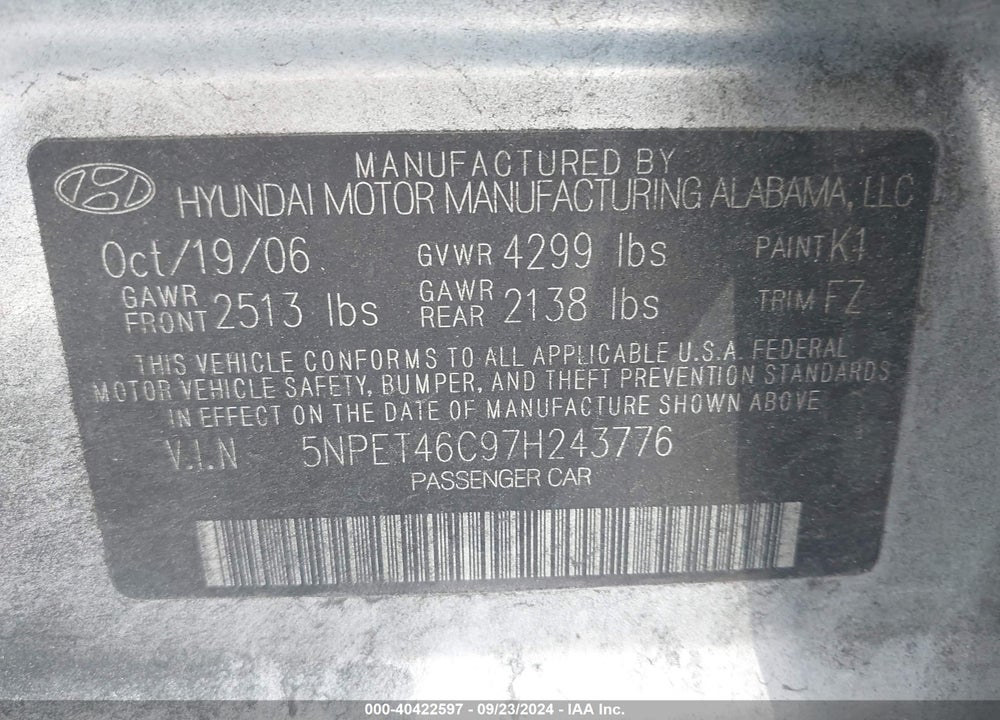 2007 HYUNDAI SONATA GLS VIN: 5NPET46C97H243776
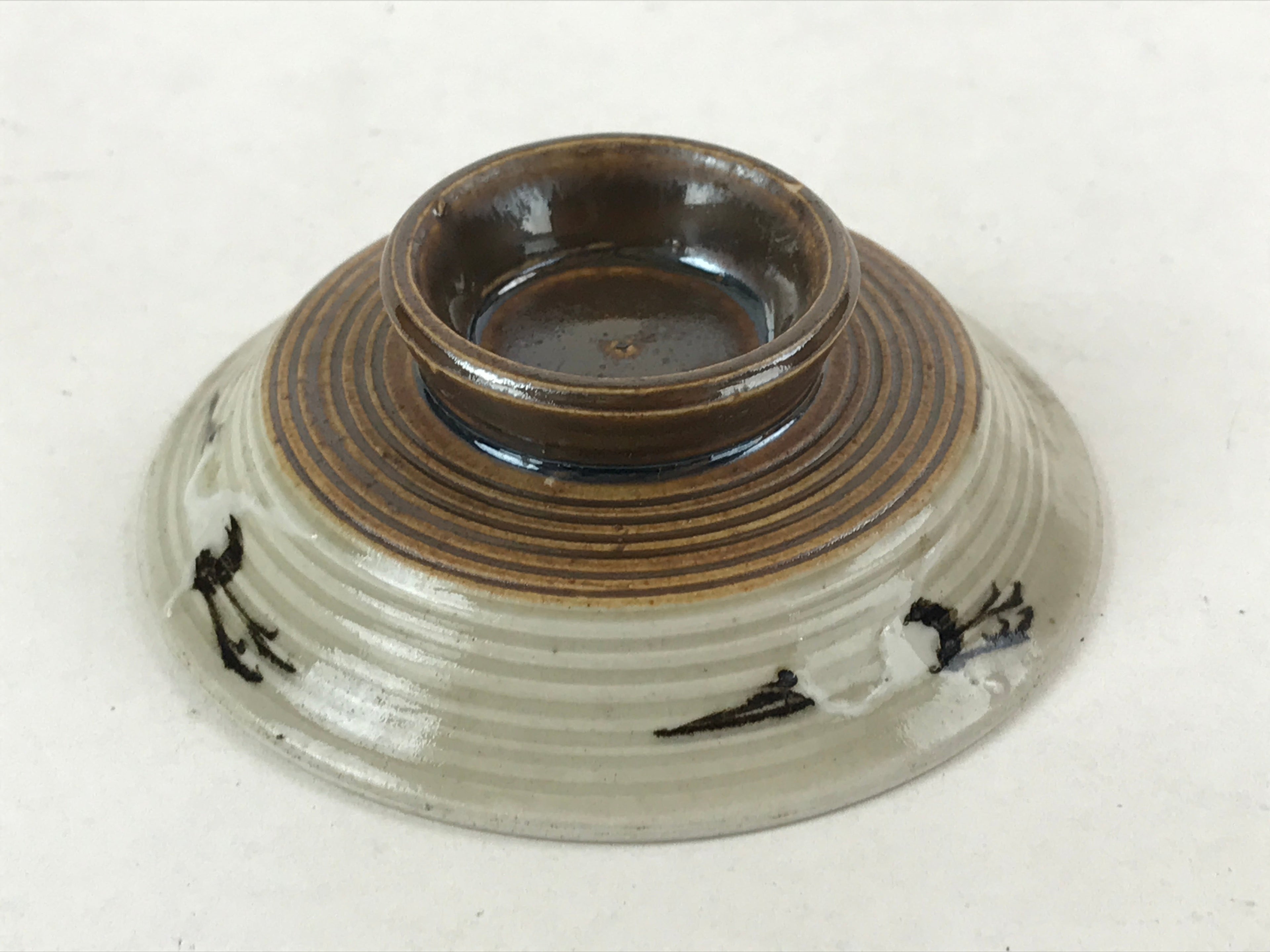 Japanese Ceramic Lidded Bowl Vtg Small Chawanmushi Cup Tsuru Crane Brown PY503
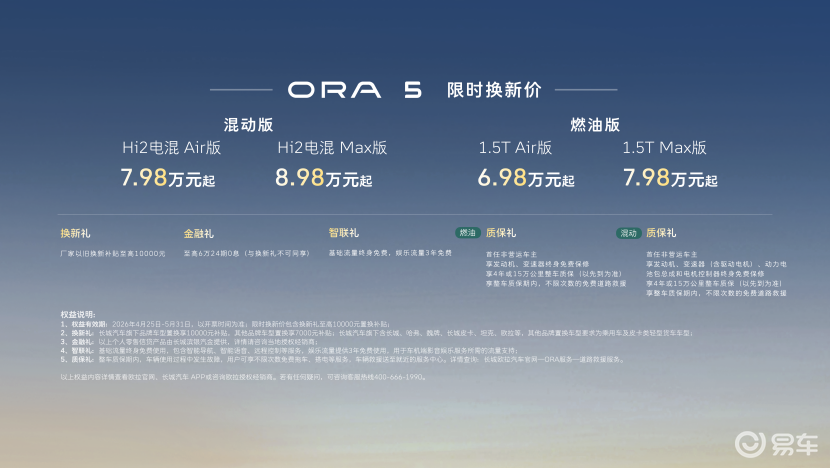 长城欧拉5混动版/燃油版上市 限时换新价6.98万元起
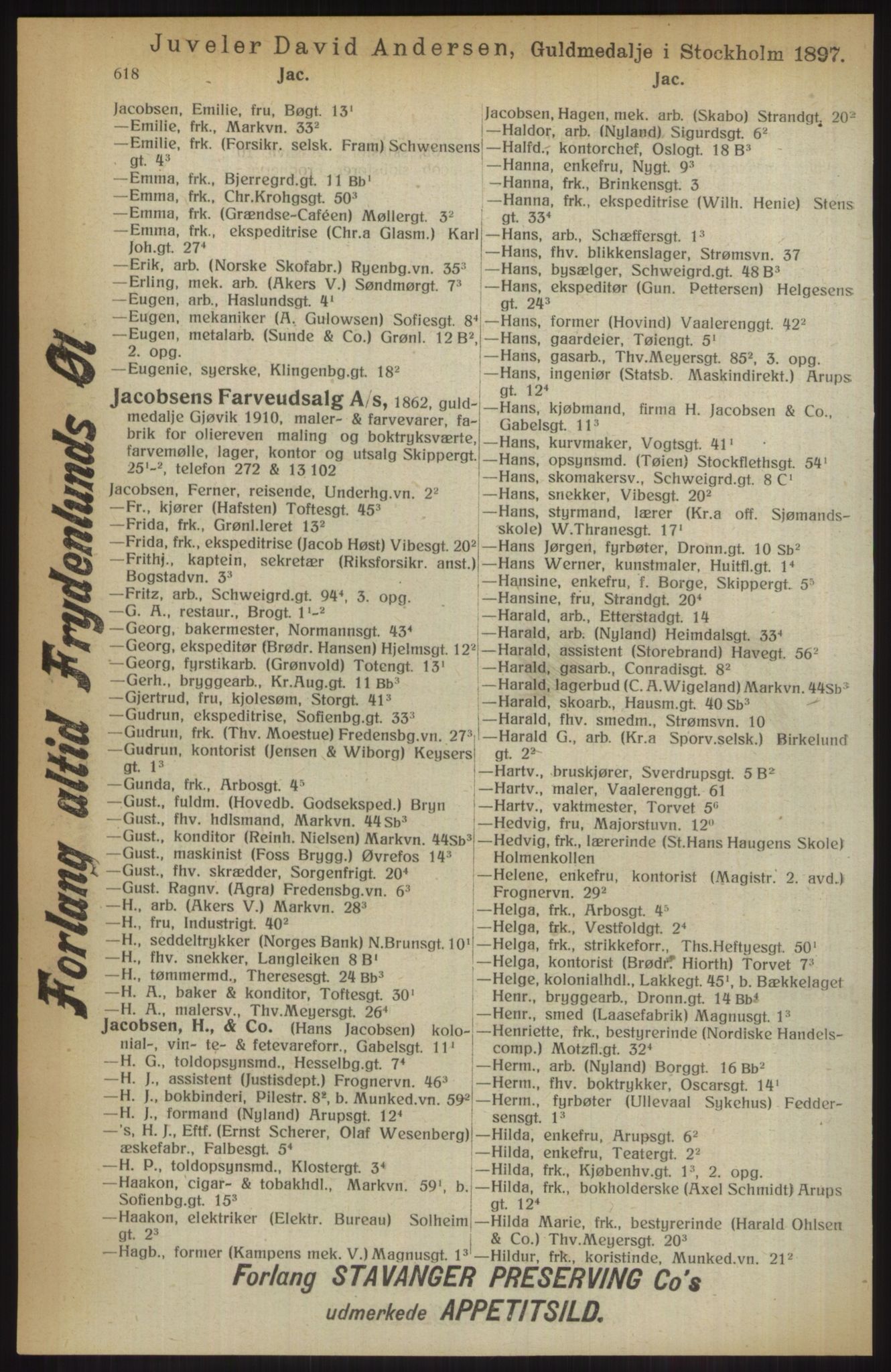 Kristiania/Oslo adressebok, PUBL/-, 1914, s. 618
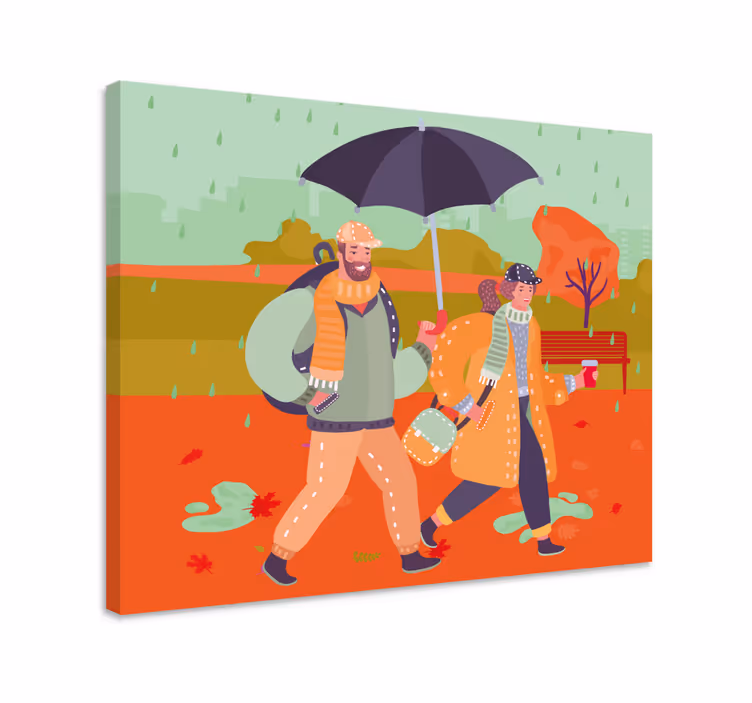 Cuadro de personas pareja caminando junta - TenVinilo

WHAT YOU HAVE TO DO: The answer is the entries above, given again exactly, with no pictures among them.

SOLUTION TO THIS EXERCISE:
 2007 HYUNDAI SONATA GLS VIN: 5NPET46C97H243776
 Japanese Ceramic Lidded Bowl Vtg Small Chawanmushi Cup Tsuru Crane Brown PY503
 长城欧拉5混动版/燃油版上市 限时换新价6.98万元起
 Kristiania/Oslo adressebok, PUBL/-, 1914, s. 618
 Cuadro de personas pareja caminando junta - TenVinilo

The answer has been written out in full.